Required action ▸ Please find the line that holds "дмт Алзамай" below and reproduce it, along with every line after it through the end, exactly and without pictures.

Dataset extract ▸
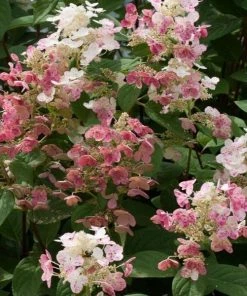 Garden Goods Direct Shrubs Proven Winners® Color Choice® Little Quick Fire® Hydrangea 6 Garden Goods Direct Shrubs Proven Winners® Color Choice® Little Quick Fire® Hydrangea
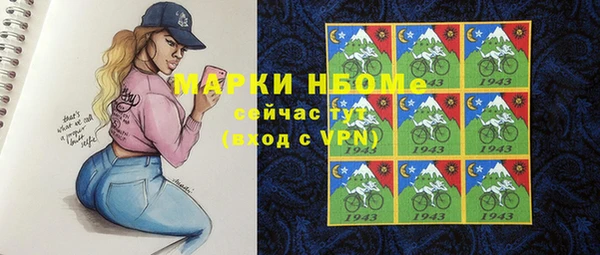 дмт Алзамай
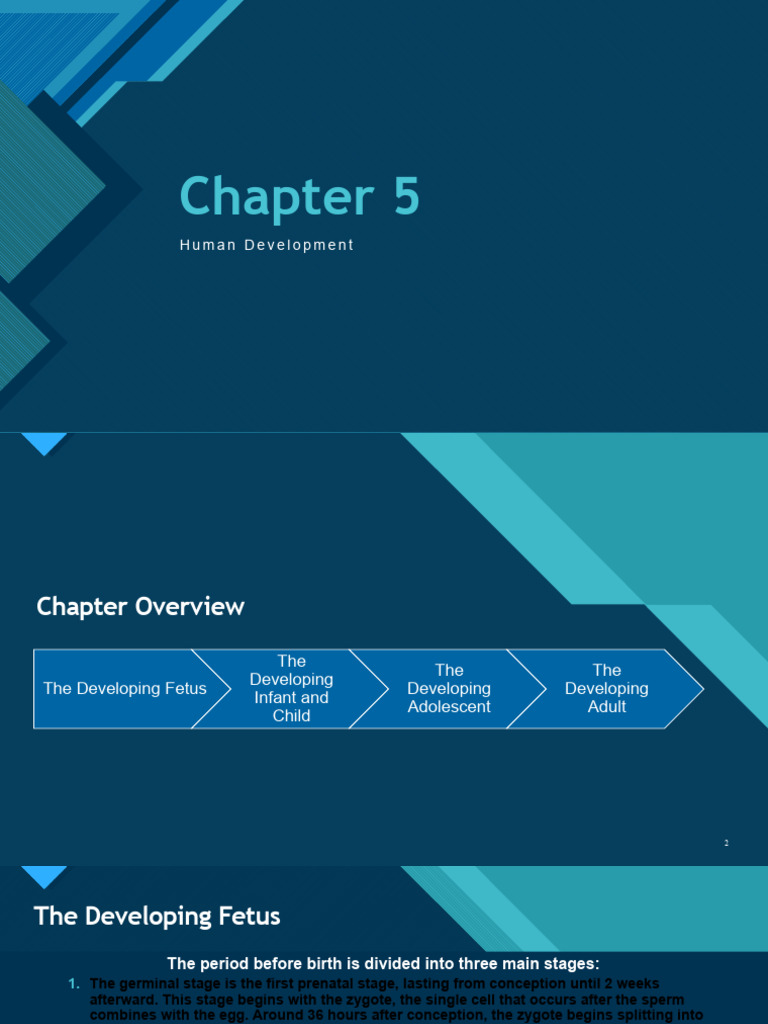 Stages of Human Development Explained | PDF | Attachment Theory ...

Finished task ▸
 дмт Алзамай
 Stages of Human Development Explained | PDF | Attachment Theory ...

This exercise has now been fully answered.